◆ What you will do: Copy out every line from the records that includes "Neck".

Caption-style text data
>>>

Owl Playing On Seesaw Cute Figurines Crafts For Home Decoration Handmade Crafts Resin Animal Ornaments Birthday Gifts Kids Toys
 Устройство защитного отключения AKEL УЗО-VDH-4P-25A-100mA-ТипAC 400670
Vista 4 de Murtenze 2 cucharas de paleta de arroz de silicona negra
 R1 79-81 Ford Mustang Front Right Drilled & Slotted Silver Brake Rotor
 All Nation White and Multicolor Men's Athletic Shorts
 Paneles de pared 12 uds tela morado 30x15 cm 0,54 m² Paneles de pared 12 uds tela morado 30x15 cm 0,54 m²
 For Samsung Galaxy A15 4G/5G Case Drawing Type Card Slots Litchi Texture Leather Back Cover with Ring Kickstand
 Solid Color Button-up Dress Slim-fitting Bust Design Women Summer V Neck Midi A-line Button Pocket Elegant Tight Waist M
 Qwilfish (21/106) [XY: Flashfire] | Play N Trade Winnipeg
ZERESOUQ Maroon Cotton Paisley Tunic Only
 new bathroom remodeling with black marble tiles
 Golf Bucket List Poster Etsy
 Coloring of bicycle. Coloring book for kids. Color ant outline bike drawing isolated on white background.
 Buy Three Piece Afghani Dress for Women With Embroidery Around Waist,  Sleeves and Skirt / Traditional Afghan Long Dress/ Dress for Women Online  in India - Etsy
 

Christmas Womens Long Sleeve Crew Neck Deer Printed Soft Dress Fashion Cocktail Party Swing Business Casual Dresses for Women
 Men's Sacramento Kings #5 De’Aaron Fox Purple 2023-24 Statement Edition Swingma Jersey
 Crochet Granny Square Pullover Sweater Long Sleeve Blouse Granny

<<<

◆ Reply:
 Solid Color Button-up Dress Slim-fitting Bust Design Women Summer V Neck Midi A-line Button Pocket Elegant Tight Waist M
Christmas Womens Long Sleeve Crew Neck Deer Printed Soft Dress Fashion Cocktail Party Swing Business Casual Dresses for Women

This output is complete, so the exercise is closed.